▸ **EXERCISE**
Skip all pictures. Write out the data below from its first line through the line that contains "Keeping salt flowing".

*** RECORD EXTRACTS ***

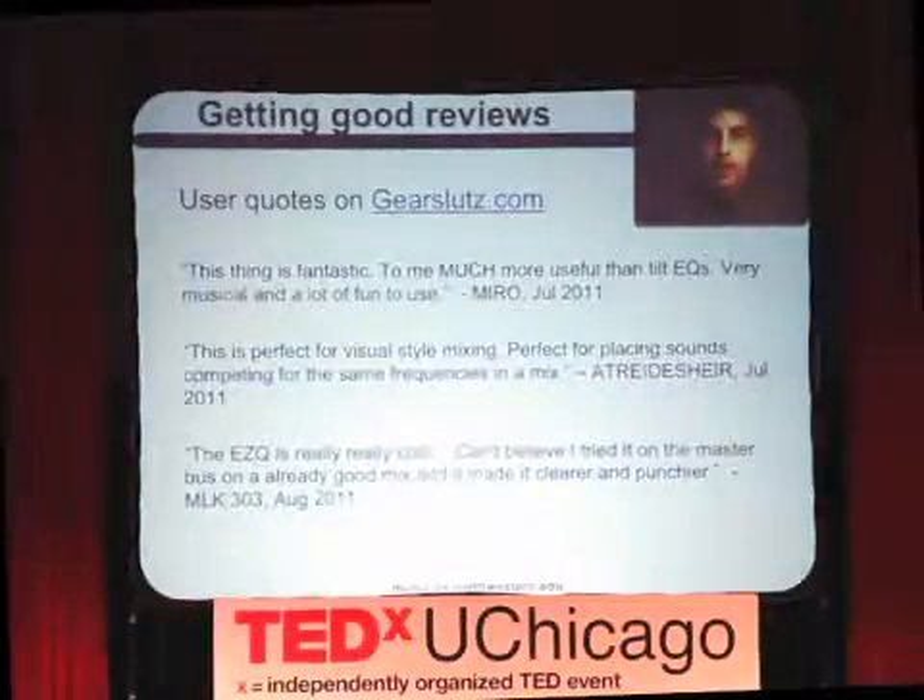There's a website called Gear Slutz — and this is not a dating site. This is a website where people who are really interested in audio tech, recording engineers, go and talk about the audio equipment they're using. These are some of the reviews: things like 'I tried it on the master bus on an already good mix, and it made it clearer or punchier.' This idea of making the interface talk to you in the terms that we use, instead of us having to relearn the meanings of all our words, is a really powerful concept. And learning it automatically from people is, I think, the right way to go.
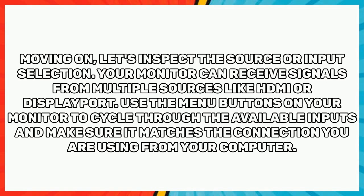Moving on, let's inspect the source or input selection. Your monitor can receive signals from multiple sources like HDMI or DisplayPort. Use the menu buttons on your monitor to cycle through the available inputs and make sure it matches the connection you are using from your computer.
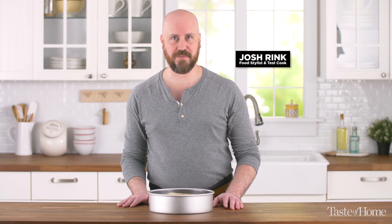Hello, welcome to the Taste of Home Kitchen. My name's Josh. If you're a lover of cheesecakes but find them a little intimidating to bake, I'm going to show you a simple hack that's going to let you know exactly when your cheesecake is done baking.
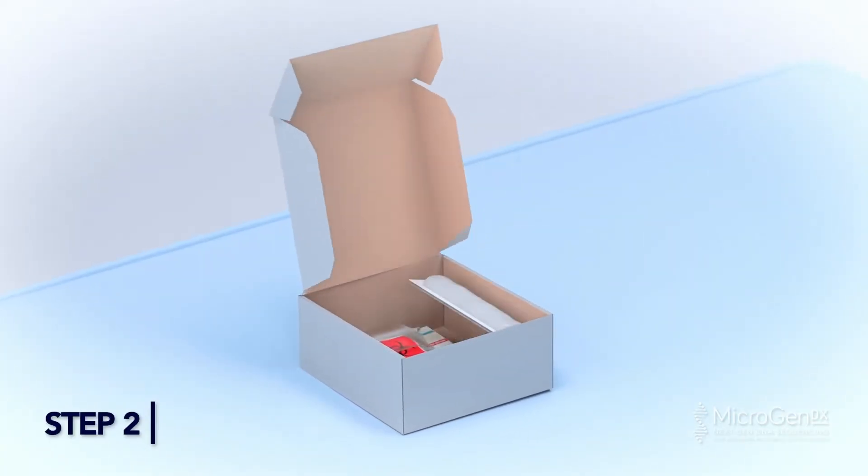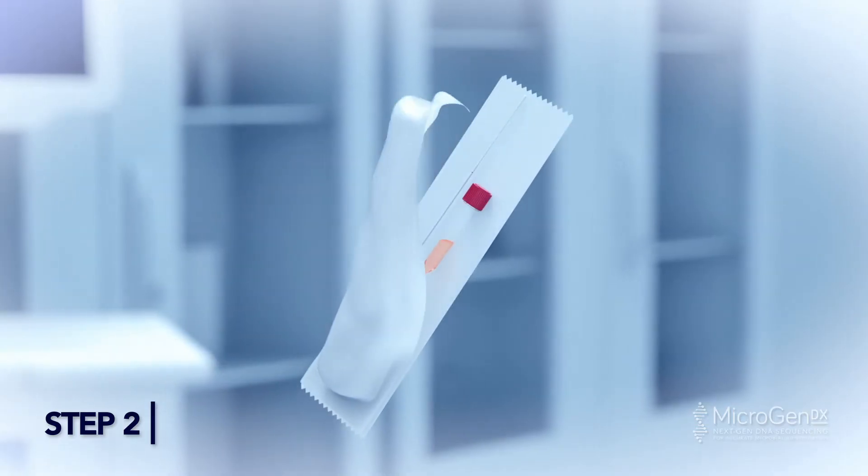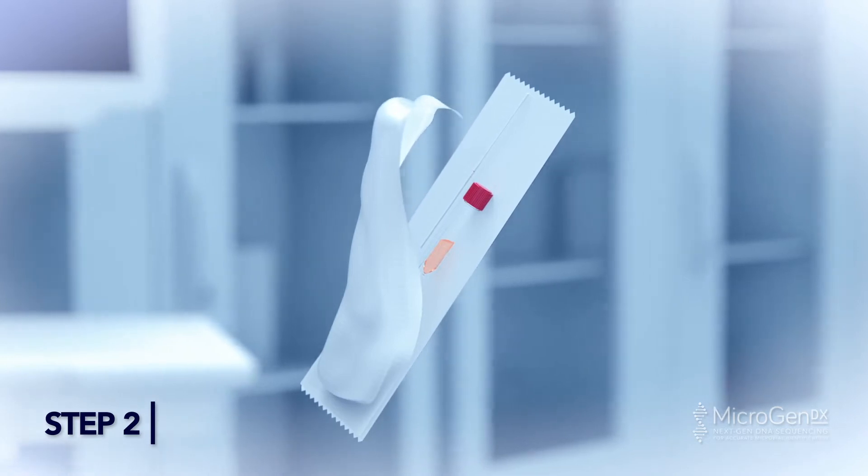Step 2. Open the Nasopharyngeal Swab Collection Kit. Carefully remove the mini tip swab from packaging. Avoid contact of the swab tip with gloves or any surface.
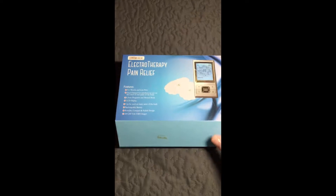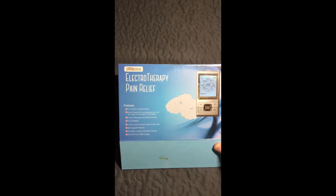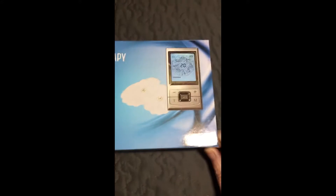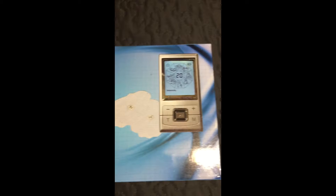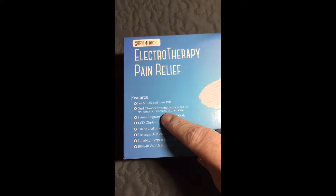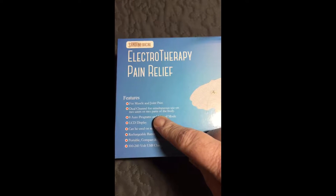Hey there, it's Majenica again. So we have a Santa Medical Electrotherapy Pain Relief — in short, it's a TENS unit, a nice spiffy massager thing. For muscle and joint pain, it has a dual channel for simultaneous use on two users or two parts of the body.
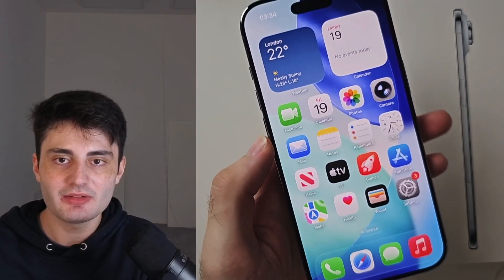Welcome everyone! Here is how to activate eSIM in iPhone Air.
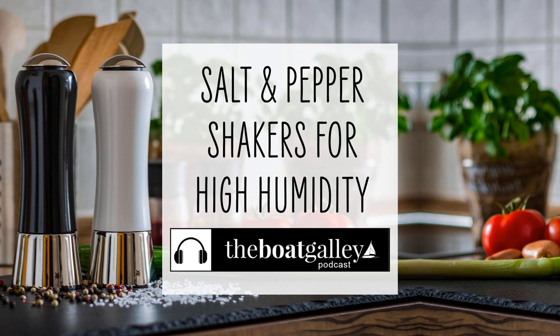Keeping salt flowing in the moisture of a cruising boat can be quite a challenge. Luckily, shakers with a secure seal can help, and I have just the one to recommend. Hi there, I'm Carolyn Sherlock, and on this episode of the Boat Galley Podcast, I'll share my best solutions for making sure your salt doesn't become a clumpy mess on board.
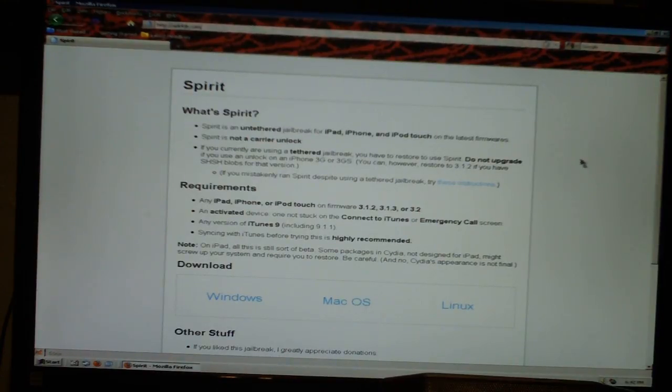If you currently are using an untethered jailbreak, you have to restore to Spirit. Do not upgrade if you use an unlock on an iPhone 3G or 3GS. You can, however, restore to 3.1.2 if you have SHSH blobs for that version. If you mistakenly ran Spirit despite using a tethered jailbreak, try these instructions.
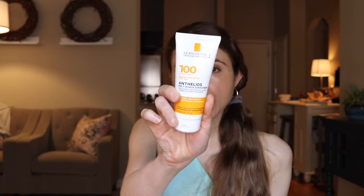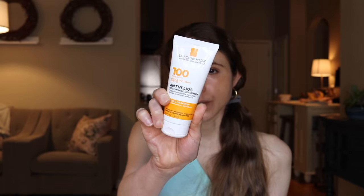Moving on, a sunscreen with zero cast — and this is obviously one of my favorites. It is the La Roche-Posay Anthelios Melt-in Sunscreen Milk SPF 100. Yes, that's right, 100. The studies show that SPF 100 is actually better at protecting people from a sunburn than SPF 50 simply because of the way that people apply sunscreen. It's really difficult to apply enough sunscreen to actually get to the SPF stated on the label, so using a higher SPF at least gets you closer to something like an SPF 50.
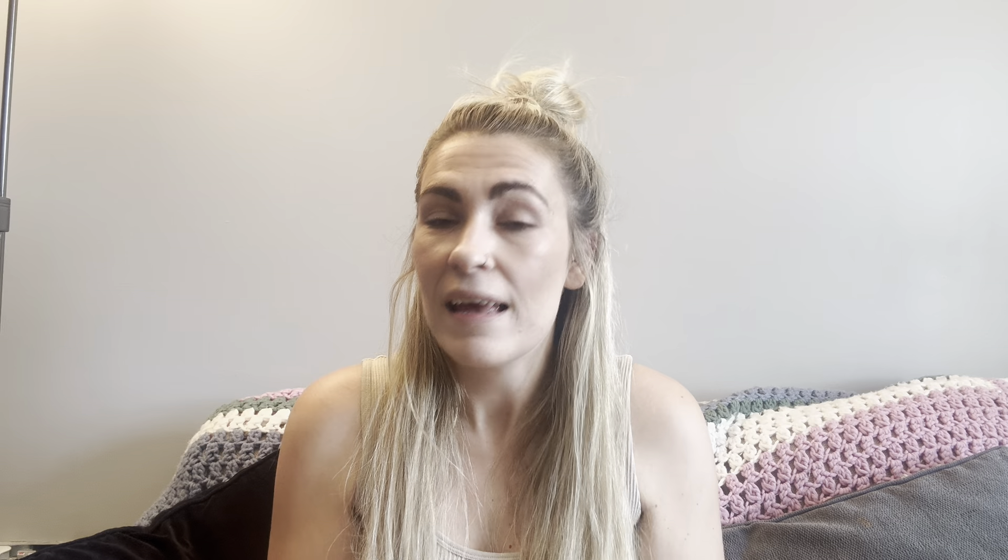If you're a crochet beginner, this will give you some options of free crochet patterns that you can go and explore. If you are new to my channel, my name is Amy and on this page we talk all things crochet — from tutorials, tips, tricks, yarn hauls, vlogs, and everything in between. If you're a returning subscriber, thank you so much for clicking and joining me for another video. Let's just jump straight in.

*** End of RECORD EXTRACTS ***

▸ **FINISHED TASK**
There's a website called Gear Slutz — and this is not a dating site. This is a website where people who are really interested in audio tech, recording engineers, go and talk about the audio equipment they're using. These are some of the reviews: things like 'I tried it on the master bus on an already good mix, and it made it clearer or punchier.' This idea of making the interface talk to you in the terms that we use, instead of us having to relearn the meanings of all our words, is a really powerful concept. And learning it automatically from people is, I think, the right way to go.
Moving on, let's inspect the source or input selection. Your monitor can receive signals from multiple sources like HDMI or DisplayPort. Use the menu buttons on your monitor to cycle through the available inputs and make sure it matches the connection you are using from your computer.
Hello, welcome to the Taste of Home Kitchen. My name's Josh. If you're a lover of cheesecakes but find them a little intimidating to bake, I'm going to show you a simple hack that's going to let you know exactly when your cheesecake is done baking.
Step 2. Open the Nasopharyngeal Swab Collection Kit. Carefully remove the mini tip swab from packaging. Avoid contact of the swab tip with gloves or any surface.
Hey there, it's Majenica again. So we have a Santa Medical Electrotherapy Pain Relief — in short, it's a TENS unit, a nice spiffy massager thing. For muscle and joint pain, it has a dual channel for simultaneous use on two users or two parts of the body.
Welcome everyone! Here is how to activate eSIM in iPhone Air.
Keeping salt flowing in the moisture of a cruising boat can be quite a challenge. Luckily, shakers with a secure seal can help, and I have just the one to recommend. Hi there, I'm Carolyn Sherlock, and on this episode of the Boat Galley Podcast, I'll share my best solutions for making sure your salt doesn't become a clumpy mess on board.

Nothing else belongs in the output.